En Venezuela a veces se viven situaciones que parecen sacadas de la ciencia ficción. Mi más reciente experiencia tiene que ver con el SAIME, el Servicio Administrativo de Identificación, Migración y Extranjería. Un buen día se venció mi pasaporte español, aquel donde está pegada ‘my precious’ (mi tesoro, en versión doblada al español)… Quiero decir, mi visa para estar en Venezuela. Conseguir “el recuento” –que la plasmen al nuevo pasaporte– está siendo una aventura que solo puede ser comparada con la odisea de Frodo para destruir el anillo en el Monte del Destino, en el lejano Mordor. Pero empecemos por el principio.
Por: Alicia Hernández – El Confidencial
La comunidad de la visa
Todo comenzó en la Segunda Edad del Sol… Quiero decir, en abril. Me fui a una de las oficinas del Saime en Caracas que me habían comentado podía estar mejor, menos colapsada. Abren desde las ocho de la mañana hasta las dos de la tarde, pero llegar dentro de esas horas no te asegura que te atiendan. El sistema está tan colapsado, tan poco automatizado y es tan ineficiente que más vale que llegues temprano. Y con temprano no me refiero a las 8, sino a una hora en la que aún no están puestas las calles. Yo llegué a las 6.30 de la mañana y, aún así, en los alrededores de la oficina ya había una cola de más de 30 personas delante. Algunos estaban desde las cuatro.

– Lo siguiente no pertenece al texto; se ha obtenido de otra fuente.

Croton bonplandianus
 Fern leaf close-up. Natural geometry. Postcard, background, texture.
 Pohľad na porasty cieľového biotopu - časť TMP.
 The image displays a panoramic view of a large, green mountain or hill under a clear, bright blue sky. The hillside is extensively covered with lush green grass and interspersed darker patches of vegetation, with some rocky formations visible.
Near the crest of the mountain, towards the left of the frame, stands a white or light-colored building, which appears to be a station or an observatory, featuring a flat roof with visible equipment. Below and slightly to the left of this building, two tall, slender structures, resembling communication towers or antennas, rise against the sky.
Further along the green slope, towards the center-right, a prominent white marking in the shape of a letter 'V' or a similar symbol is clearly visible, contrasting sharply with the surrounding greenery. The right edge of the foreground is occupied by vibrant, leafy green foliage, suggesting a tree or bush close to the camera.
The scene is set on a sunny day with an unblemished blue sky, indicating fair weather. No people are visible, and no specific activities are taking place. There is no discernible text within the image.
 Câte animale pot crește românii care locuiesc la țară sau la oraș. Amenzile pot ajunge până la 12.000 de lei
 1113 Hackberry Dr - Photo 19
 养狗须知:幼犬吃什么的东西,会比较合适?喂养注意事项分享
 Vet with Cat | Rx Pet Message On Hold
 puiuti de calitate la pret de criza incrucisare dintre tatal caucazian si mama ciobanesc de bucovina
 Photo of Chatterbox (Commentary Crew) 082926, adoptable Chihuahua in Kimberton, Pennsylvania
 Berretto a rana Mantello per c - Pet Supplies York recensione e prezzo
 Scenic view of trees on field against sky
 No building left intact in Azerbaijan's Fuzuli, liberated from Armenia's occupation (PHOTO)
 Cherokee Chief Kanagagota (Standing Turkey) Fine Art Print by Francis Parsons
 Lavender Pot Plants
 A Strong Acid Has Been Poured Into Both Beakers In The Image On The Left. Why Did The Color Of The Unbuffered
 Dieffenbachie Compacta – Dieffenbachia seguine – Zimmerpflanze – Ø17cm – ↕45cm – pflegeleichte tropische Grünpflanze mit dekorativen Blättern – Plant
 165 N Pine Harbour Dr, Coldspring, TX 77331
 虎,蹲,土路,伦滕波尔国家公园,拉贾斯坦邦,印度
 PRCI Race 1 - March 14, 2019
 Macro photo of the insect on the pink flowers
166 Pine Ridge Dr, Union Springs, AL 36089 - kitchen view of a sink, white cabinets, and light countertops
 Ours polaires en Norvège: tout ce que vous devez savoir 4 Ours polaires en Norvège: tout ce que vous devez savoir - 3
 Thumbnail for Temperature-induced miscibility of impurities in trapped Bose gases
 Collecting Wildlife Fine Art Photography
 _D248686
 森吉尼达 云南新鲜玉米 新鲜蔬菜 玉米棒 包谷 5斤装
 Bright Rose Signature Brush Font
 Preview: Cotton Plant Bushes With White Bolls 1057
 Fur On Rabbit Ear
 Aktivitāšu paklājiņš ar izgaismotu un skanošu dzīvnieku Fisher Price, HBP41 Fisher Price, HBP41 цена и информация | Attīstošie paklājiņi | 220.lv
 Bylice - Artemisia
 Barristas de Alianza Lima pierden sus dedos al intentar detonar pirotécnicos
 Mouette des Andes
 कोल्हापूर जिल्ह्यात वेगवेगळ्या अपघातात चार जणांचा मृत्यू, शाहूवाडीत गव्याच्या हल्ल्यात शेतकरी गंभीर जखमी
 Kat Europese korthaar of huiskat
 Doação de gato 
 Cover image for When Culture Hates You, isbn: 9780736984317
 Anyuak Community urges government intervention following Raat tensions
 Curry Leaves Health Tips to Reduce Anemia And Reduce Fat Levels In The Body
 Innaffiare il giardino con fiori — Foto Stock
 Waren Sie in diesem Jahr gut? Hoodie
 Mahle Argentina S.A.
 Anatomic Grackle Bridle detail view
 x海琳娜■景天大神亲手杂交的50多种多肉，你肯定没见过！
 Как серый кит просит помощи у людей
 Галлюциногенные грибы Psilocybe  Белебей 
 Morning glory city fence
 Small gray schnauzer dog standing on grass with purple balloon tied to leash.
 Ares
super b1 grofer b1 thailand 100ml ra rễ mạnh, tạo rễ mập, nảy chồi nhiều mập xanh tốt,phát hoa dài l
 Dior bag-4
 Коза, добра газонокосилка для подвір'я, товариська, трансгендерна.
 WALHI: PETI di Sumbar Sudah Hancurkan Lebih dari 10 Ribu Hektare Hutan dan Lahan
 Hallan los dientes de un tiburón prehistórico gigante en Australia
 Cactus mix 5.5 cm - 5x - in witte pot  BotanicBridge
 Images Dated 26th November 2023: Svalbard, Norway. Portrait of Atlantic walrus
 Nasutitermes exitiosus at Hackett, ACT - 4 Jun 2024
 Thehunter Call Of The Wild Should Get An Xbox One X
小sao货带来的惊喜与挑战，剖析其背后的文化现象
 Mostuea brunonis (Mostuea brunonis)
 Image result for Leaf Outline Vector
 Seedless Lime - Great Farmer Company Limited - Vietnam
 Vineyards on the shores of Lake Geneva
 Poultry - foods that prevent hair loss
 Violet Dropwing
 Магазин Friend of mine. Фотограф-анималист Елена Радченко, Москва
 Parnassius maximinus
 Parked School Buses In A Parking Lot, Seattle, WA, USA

La gente del Saime es como Gandalf: no llega tarde ni pronto, llega cuando se lo propone. No importa que tú estés haciendo fila de pie desde hace dos horas justamente en un espacio donde confluye un anestesiante aroma de pipí y caca de perro. Cuando por fin abren, nos dividen en una nueva cola entre venezolanos y extranjeros.
Foto, fotocopias de todas las hojas de mis dos pasaportes, planilla del trámite, pago de la tasa correspondiente, dos horas y media de cola y cinco dentro de la oficina. ¿Resultado? Un papel sellado que dice que he iniciado el trámite. Iniciado. La batalla por la Tierra Media, digo, mi recuento de visa, no ha hecho más que empezar.